Tried my hand a turning a couple of corian Sierras yesterday.










I got a slab of corian from my daughter that was left over from her kitchen counters.  It was just under 1/2inch thick, glued two pieces together with medium CA and let sit overnite.  Finished just like acrylic - shape with a skew, 400, 600, and 800 wet sand, MM to 12000, plastic polish and coat with RenWax.

I will have to do more of this material, I like the way it finishes.  :biggrin:  :bananen_smilies039:


----------



## ronhampton (Aug 10, 2008)

nice job george:coffee::bananen_smilies026:


----------



## toolcrazy (Aug 10, 2008)

Thought I would touch it up for you a bit. It was too dark and didn't show the color very well. I hope you don't mind. It is a very nice pen.


----------



## gcurran (Aug 10, 2008)

*thanks*

Thanks Steve, that is more what they look like.  I have done amateur film photography for many years but this digital stuff just eludes me.


----------



## redfishsc (Aug 10, 2008)

I love turning Corian, and I just found a basically unlimited supply of it free. A local shop will pretty much give me all their sink cutouts, which are plenty big enough for a couple dozen pens each PLUS a nice cutting board. 

Nice job on the pen--- that's one of the more interesting corian colors I've seen.


----------



## gcurran (Aug 10, 2008)

That is how these pens started - a sink cutout turned cutting board.  My SIL is smart enough to know not to use it that way and it was just sitting under the sink gathering dust.  I told my daughter that I was interested in trying some corian and the next thing I know there is this slab in my hand.  I hope to get about a dozen pens out of this piece (1/2 inch thick so it has to be doubled).  The real issue is now I have to find a cheap source.  :tongue:


----------



## hewunch (Aug 10, 2008)

gcurran said:


> The real issue is now I have to find a cheap source.  :tongue:



Like Matt said, find a shop that does solid surface and ask for sink cut outs. I even got samples from one local. You can also go on the different manufac. websites and request samples.
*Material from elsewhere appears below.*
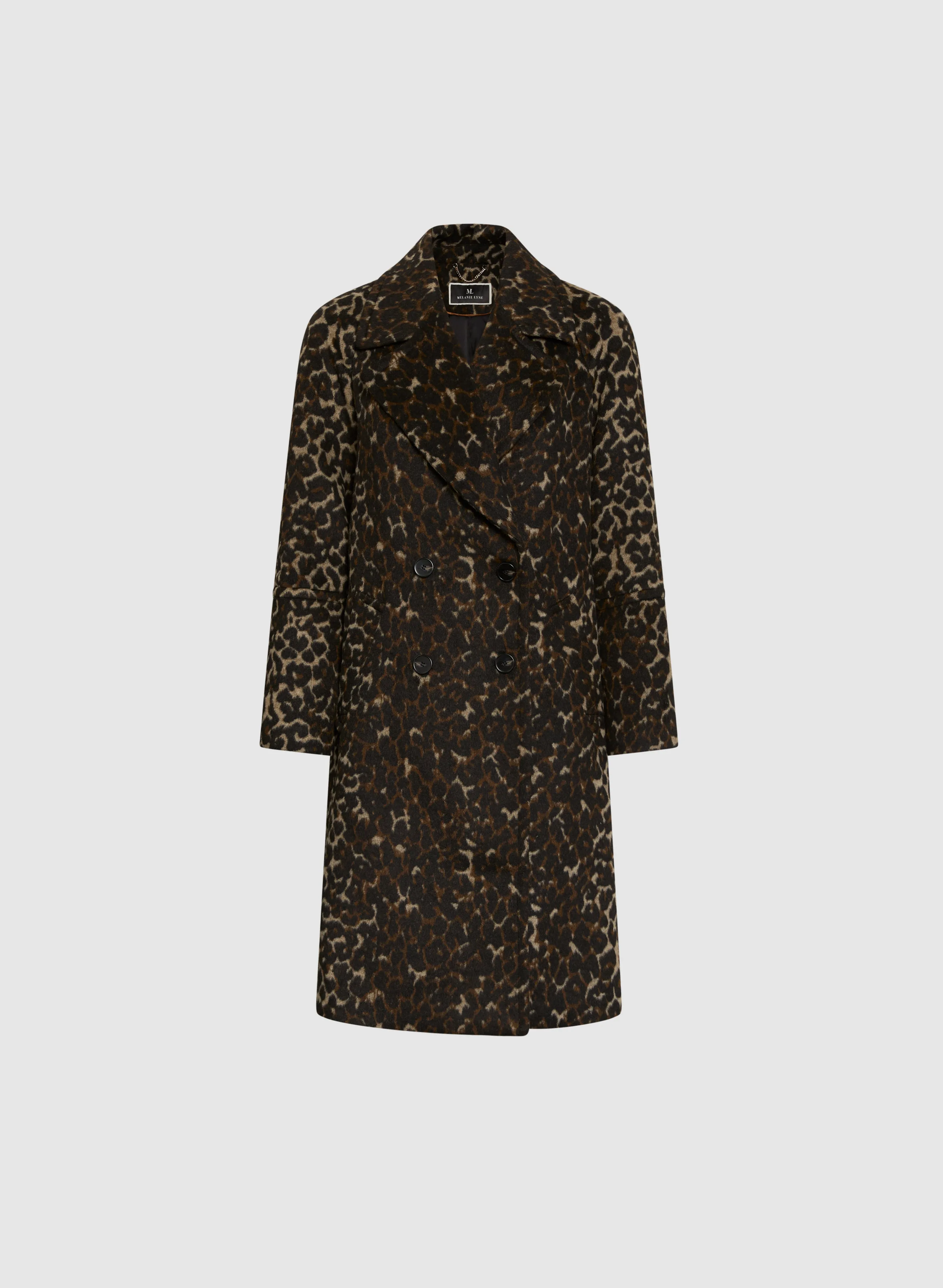 Leopard Print Wool-Blend Coat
Not as large, but enough to do a pen or two.


----------



## desertyellow (Aug 13, 2008)

nice work


----------



## ROY67 (Feb 8, 2010)

has anybody tried ebay for corian blanks and other types, i recently bought over 360 pieces for 25$ good quality . 100 different colors.


----------



## tijolima (Feb 9, 2010)

I stopped at a local countertop store and spoke with the manager and inquired if it would be possible for me to watch their dumpster for scraps.  I showed him some of the pens I've made and since have periodically given him pens in return.  I have more Corian than I know what to do with.  It sure beats sending all of it to the landfill.


----------



## RyanNJ (Feb 9, 2010)

I am trying to find a soure now so a place that works with it is the best place o buy it?


----------



## helgi (Feb 9, 2010)

Been turning this stuff for a while now it's amazing what a person can do with it, here is an other idea that we come up with the corian installer and me, a matching paper towel stand, glue as many corian lengths together as the height of paper towel roll turn to design you fancy, turn base finish to what sheen you want result a happy female, another one rolling pin or pestle and bowl. This stuff is amazing as to what can be done with it,need jigs there is no better and flatter material. Just my two bits worth.

helgi.


----------



## Ligget (Feb 9, 2010)

Lovely work, I like the colour of the corian you used!


----------